My Lords, we on these Benches warmly welcome these regulations. We entirely support the Government’s position. We very much hope that if this Prayer against the regulations is moved to a vote, it will be roundly defeated. I shall try briefly not to repeat what others have said, but to add new points.
I found the speech of the noble Lord, Lord Smith of Finsbury, deeply impressive. He has made it unnecessary for me to say much of what I would otherwise have said. I am a former special adviser to the Standing Advisory Commission on Human Rights in Northern Ireland, and I have great affection for its people—even though, particularly when talking about matters of sex, some of them sometimes nearly drive me demented. That is almost as bad as talking about religion.
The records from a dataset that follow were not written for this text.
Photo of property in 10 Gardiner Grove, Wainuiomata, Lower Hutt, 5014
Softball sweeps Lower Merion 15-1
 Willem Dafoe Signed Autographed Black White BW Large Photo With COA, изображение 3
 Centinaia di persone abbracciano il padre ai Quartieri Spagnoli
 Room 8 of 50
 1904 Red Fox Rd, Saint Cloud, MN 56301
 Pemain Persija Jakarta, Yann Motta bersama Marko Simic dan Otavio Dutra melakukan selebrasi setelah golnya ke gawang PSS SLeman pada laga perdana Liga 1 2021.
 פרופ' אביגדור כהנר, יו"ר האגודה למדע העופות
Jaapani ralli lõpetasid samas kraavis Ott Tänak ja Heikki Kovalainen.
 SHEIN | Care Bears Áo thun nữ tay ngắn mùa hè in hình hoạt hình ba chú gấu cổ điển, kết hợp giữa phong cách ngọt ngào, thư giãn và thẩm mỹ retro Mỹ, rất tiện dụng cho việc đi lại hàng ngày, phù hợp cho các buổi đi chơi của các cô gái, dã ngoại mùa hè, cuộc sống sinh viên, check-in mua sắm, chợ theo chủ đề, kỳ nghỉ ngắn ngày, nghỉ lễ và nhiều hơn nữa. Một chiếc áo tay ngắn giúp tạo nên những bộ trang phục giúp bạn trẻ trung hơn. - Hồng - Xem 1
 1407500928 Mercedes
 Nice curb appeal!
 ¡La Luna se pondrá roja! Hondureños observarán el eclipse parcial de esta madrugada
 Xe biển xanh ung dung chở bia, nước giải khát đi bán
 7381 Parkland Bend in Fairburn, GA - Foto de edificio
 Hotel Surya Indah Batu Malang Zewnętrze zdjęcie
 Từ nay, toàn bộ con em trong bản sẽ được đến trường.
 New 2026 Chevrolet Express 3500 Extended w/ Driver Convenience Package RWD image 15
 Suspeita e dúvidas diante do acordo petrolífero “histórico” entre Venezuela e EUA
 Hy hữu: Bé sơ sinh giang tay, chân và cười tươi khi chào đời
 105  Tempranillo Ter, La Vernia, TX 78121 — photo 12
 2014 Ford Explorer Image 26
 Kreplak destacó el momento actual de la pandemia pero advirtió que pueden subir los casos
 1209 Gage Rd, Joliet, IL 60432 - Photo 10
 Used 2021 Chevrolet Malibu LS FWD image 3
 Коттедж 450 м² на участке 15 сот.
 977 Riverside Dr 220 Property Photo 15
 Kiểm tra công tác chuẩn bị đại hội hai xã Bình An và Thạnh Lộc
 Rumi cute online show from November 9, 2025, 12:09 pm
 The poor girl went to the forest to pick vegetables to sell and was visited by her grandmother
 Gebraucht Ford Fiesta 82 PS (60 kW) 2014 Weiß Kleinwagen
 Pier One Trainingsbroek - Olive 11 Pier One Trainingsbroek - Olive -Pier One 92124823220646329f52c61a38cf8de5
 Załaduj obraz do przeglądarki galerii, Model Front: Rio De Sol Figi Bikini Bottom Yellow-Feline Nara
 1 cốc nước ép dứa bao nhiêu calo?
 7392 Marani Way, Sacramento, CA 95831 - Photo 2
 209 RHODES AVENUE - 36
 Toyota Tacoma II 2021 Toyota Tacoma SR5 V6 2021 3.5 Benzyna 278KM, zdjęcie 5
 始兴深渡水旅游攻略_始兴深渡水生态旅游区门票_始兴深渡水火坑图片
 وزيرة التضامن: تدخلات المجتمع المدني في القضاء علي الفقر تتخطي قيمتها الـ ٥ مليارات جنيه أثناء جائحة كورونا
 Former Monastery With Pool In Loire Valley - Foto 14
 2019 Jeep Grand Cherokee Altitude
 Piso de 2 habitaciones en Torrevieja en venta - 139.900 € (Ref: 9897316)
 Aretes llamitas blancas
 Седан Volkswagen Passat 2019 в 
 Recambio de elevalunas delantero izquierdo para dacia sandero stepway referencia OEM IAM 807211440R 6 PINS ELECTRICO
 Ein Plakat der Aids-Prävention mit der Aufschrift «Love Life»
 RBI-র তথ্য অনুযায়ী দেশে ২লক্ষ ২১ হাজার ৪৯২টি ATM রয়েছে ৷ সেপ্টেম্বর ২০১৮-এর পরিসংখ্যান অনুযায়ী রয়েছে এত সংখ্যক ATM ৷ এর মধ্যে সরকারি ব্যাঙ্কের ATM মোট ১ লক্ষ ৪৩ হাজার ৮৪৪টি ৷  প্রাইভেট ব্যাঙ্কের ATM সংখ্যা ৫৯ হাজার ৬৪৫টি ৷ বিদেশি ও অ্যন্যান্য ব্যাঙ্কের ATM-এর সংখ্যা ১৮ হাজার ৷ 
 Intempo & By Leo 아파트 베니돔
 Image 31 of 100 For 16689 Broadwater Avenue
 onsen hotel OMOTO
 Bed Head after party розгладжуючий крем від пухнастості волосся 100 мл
It has not been said tonight that Northern Ireland has been a pacesetter for anti-discrimination legislation, often leading the way with the rest of the United Kingdom following. I am old enough to remember the Van Straubenzee report, which led to the fair employment legislation that was much stronger than what I was able to accomplish at the Home Office in the mid-1970s. Under the noble Baroness, Lady Thatcher, that was strengthened greatly in 1989; we had nothing comparable to it. Remarkably, in Section 75 of the Northern Ireland Act 1998, there is a provision compelling the promotion of equality of opportunity between people of different sexual orientation, among other things. We do not have that, of course. There is already a human rights commission in Northern Ireland, anda single equality commission. Work has progressedon a single equality Bill from a fairly early stage. It is not at all unusual for Northern Ireland to be first with excellent civil rights legislation on discrimination.
These regulations must be read in context. No noble Lord has yet done so. First, there is the international context, now part of our system through the Human Rights Act 1998. These regulations, as the Human Rights Act commands, must be read and given effect, if possible, in a way compatible with fundamental human rights and freedoms. Those fundamental rights include freedom of religion, conscience, speech, association and non-discrimination. Therefore, when courts have to interpret and apply regulations, they must make quite sure that they do not disproportionately or excessively encroach upon those fundamental freedoms. Some points made by noble Lords on free speech or freedom of religion are simply points about the importance of those rights, against which these regulations, like all regulations, must, if possible, be read.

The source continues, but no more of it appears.